The iconic images that accompany the conventional narrative of World War II depict American military service as a force for good—like soldiers handing out candy bars to children. But to interpret World War II this way, writes Elizabeth D. Samet, a professor of English at the United States Military Academy at West Point, requires “a selective memory.” Terms such as “the good war” and “the greatest generation” were shaped by “nostalgia, sentimentality, and jingoism” after the fact, causing “the deadliest conflict in human history [to become] something inherently virtuous.”
In her compelling, enlightening and elegantly written Looking for the Good War: American Amnesia and the Violent Pursuit of Happiness, Samet compares popular myths about World War II to the facts. She draws on a broad range of cultural expressions that came about during the war and the years that followed. Especially noteworthy are writings by veterans and other firsthand observers of war, which Samet uses to contrast their ambivalence at the time with how later generations understood the conflict. Legendary war correspondent Ernie Pyle, for example, found little romance in war. As he traveled with the troops in 1944, he wrote, “I am sure that in the past two years I have heard soldiers say a thousand times, ‘If only we could have created all this energy for something good.’”
There was an increase in racial violence during those years, as well. In 1942, there were more than 240 riots and other racial incidents across the United States, and segregation was still the official policy of the armed services and in many other places. “One of the chief ironies inherent in the project of bringing democracy to the rest of the world remained the signal failure to practice it at home,” Samet writes.
After the war, violent crime films were the most commercially successful stories featuring veterans. The veteran with amnesia was a staple of postwar noir, even though it didn’t reflect the reality for most veterans who were trying to readjust to civilian life. A 1947 survey of ex-service members found that more than 50% of them said the war “had left them worse off than before.”

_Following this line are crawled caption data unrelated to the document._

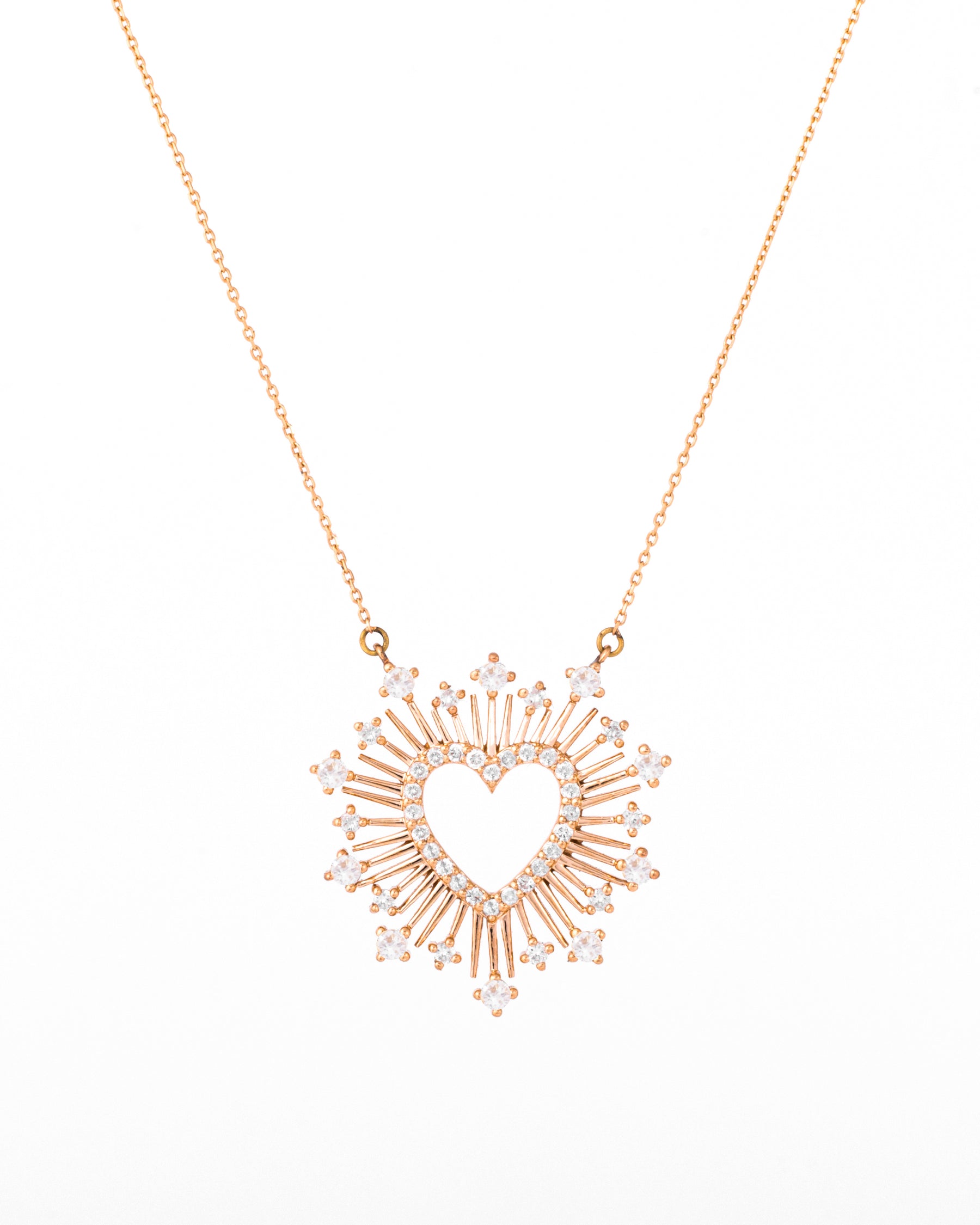 Sunshine Heart Necklace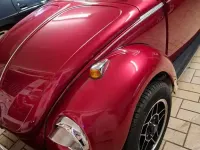 Używany VW Käfer 50 KM (36 kW) 1979 Czerwony Kabriolet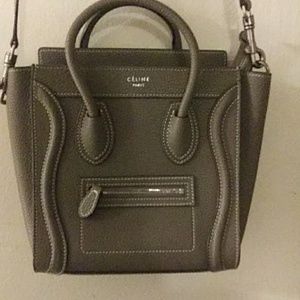 Celine nano bag
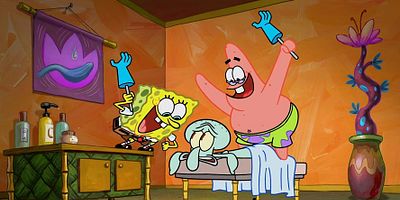 Poster der Serie SpongeBob's Big Birthday Blowout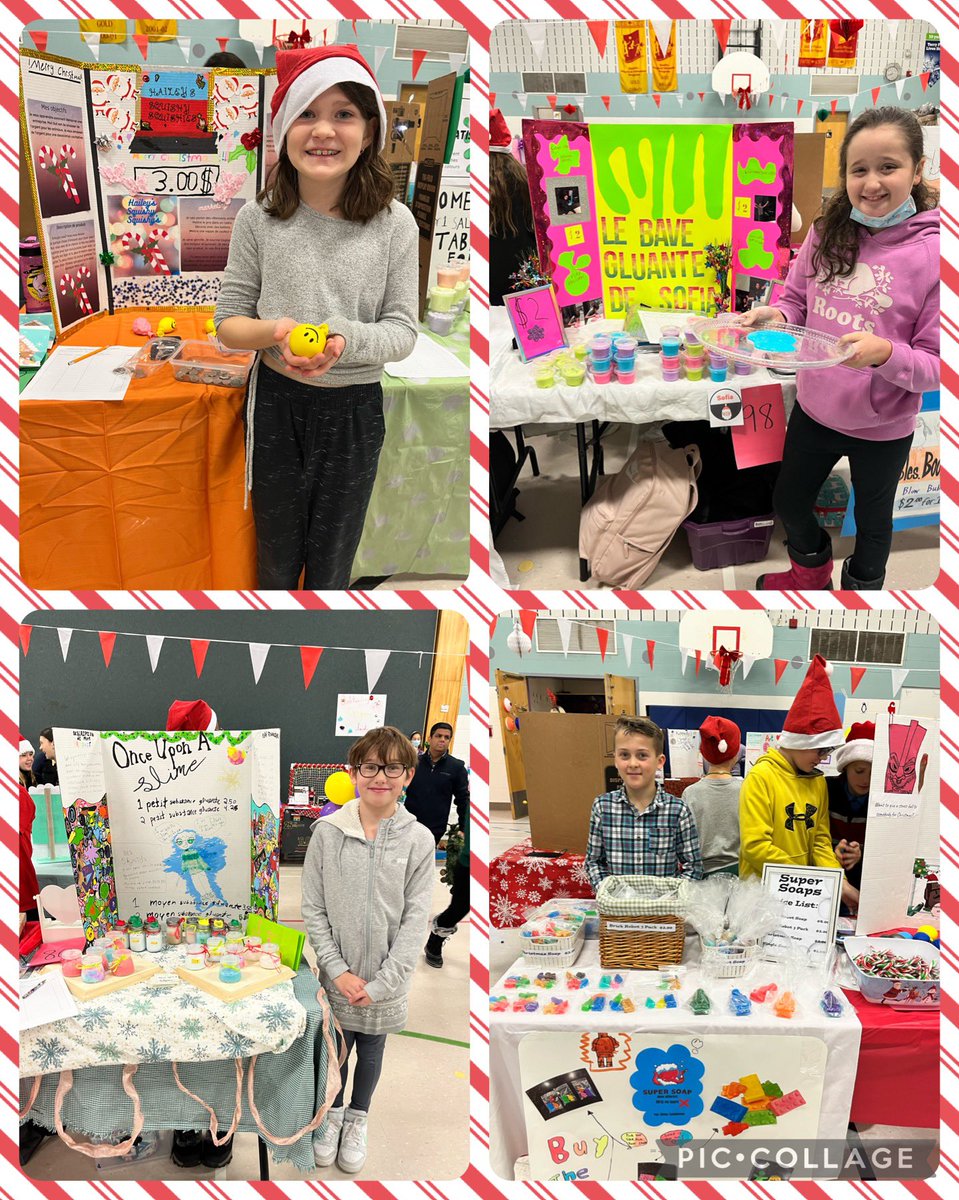 MmeBarakat's tweet image. So proud of all Gr.5 entrepreneurs @AngelsOCSB for a successful Showcase/Christmas market today! At least 10% of sales are going to @WWF @SoiDogCanada @ChildrensWish85 and @HHF_Haiti So much learning and amazing business ideas seen, so proud! Thank you @PowerPlayYE!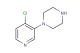 1-(4-chloropyridin-3-yl)piperazine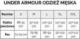 Under Armour Bluza męska Under Armour Rival Fleece Hoodie niebieska 1357092 422 S 5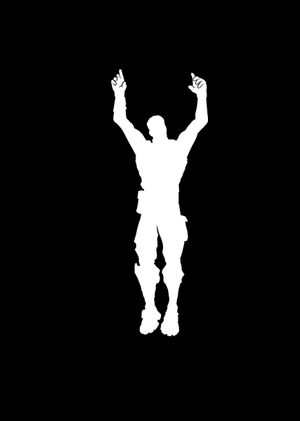Fortnite - Jump Around Emote (DLC) Epic Games Key GLOBAL
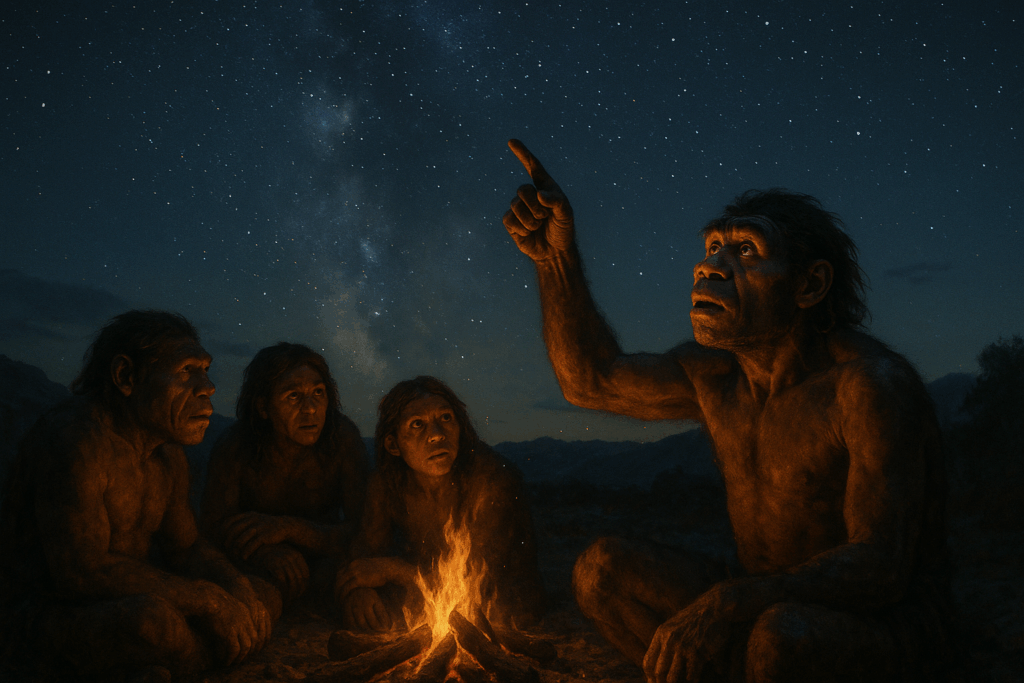 When Did We Start Asking Questions?
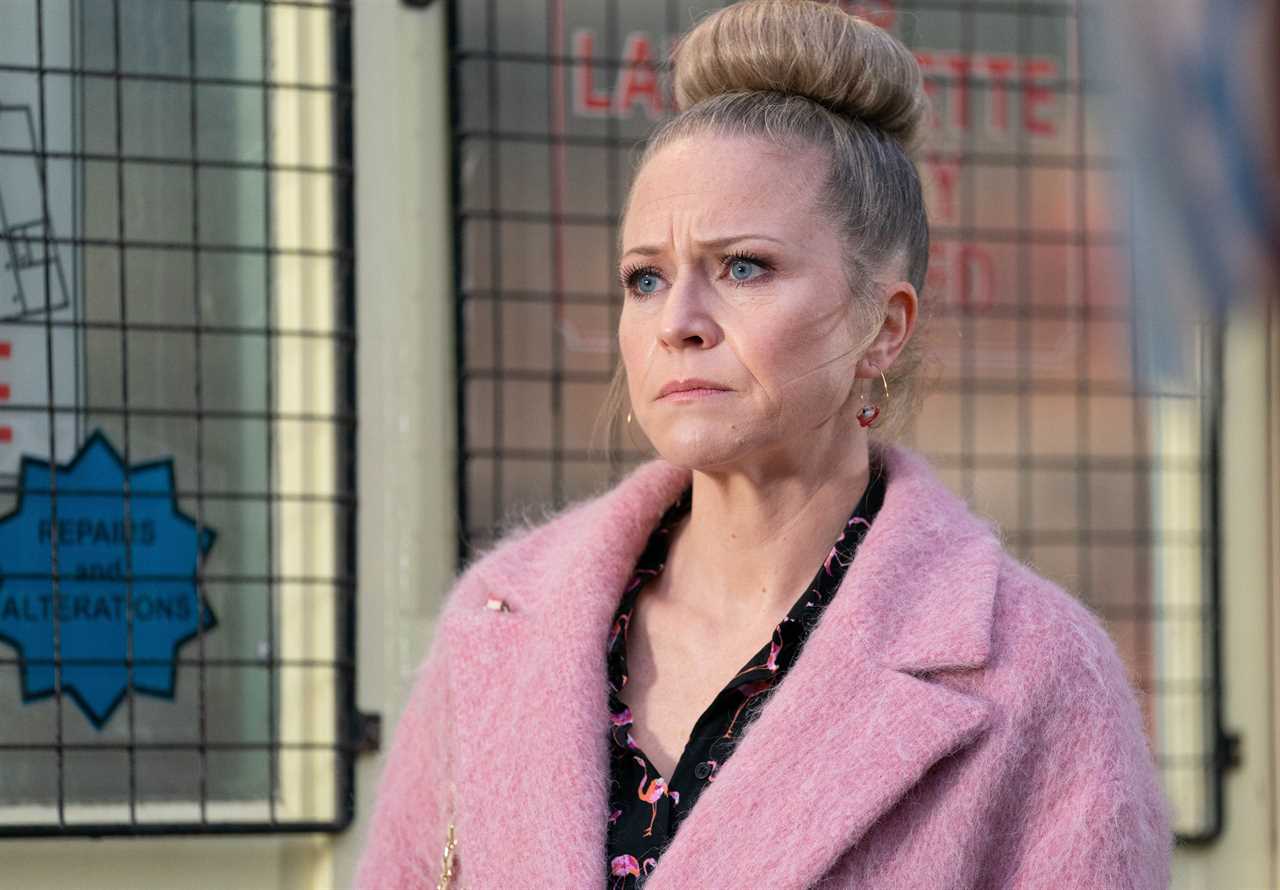 EastEnders star Kellie Bright reduced to tears as Danny Dyer leaves the soap after nine years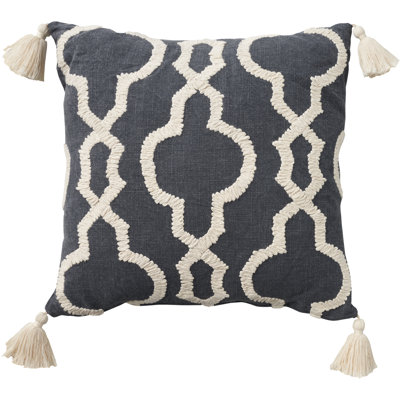 Housse de coussin 100% coton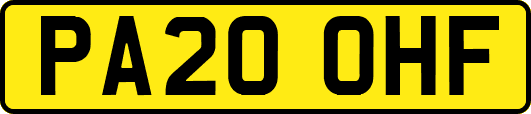 PA20OHF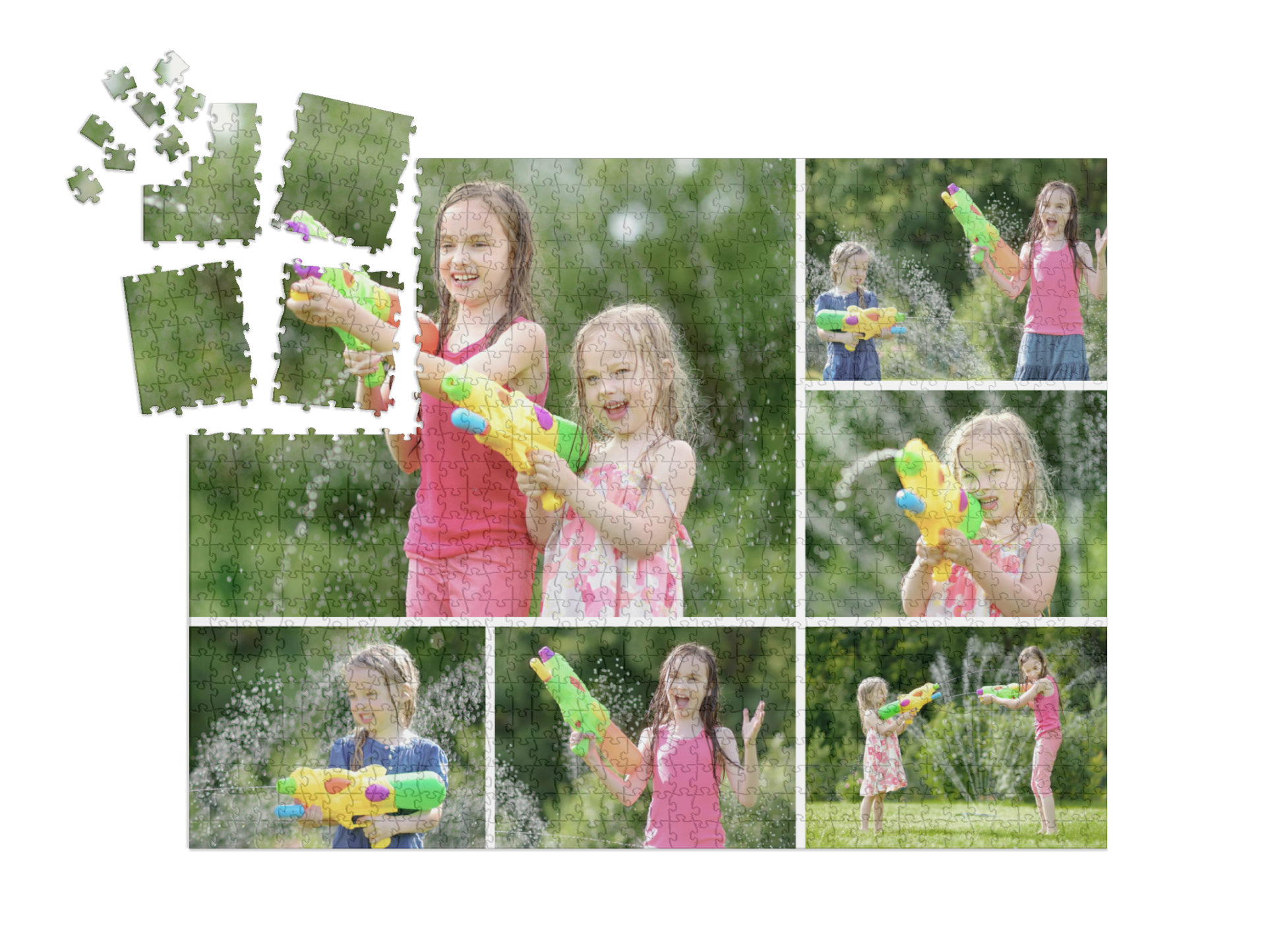 Puzzelcollage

This richly rewarding and thought-provoking book splashes World War II history across a broad canvas, with insightful discussions of the works of Homer and Shakespeare and the wisdom of Abraham Lincoln. Along the way, Samet convincingly argues that we should reflect on our current relationship to war in the light of wars past. “The way we think and talk about force will influence not only the use of American military might abroad,” she writes, “but also our response to the violence that has increasingly been used as a tool of insurrection at home.”